Nick received his first AstraZenica shot last week. His side effects were real, but minor – a day of feeling queasy. Certainly no indication of the feared blood clots. But he found the experience of queuing with a bunch of other over-50s deemed unworthy of the Pfizer vaccine memorable. When he asked the young man who delivered his injection about what he thought about his expected Pfizer vaccine, he received the laconic reply, “Yes, the Pfizer vaccine has been less in the news recently.” He wonders how well his AstraZenica jabs will protect him when those vacationing Swedes rock up to the Barossa Valley.

Viewed in this light, New Zealand’s current picture of solidarity – Pfizer-for-all – looks good.​ In Australia, some of the over-50s are gaming the system, failing to front up for jabs in expectation the Government will relent and offer them Pfizer or Moderna. The resulting delay is dangerous in a world seemingly filling with ever more contagious coronavirus strains.

What if Australia does relent and belatedly follow New Zealand’s lead by offering mRNA vaccines to all? What will happen to all those expensively produced AstraZenica doses? New Zealand has a plan to send 250,000 doses of AstraZenica to Fiji. Wouldn’t it be convenient if these gifts of vaccines rejected by the Australians and New Zealanders could count as credits in their foreign aid budgets?

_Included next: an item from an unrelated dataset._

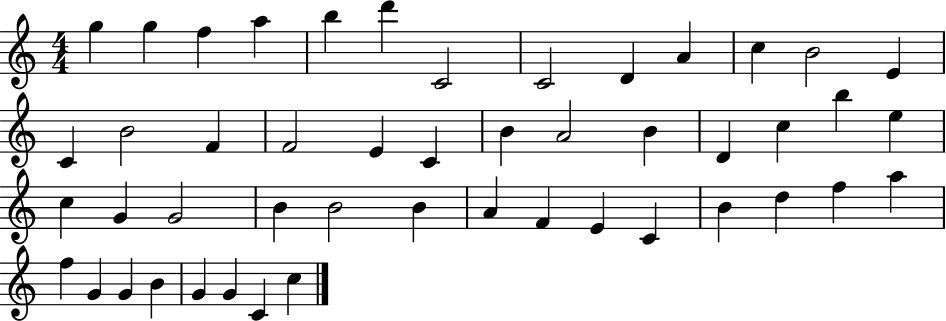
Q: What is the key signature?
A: C major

We need to face the challenge of a new international vaccine apartheid in which the divide is not between the vaccinated and unvaccinated but instead between those who get the elite vaccines and the rest. There’s a good chance today’s demands for more vaccines will eventually lead to a global oversupply. This suggests a future in which tourists vaccinated with the most up-to-date mRNA vaccines are free to resume their international holidays served by waiters protected by vaccines that offer scant protection against the latest coronavirus strains.

Nicholas Agar is a Distinguished Visiting Professor at Carnegie Mellon University in Australia and Adjunct Professor of philosophy at Victoria University of Wellington.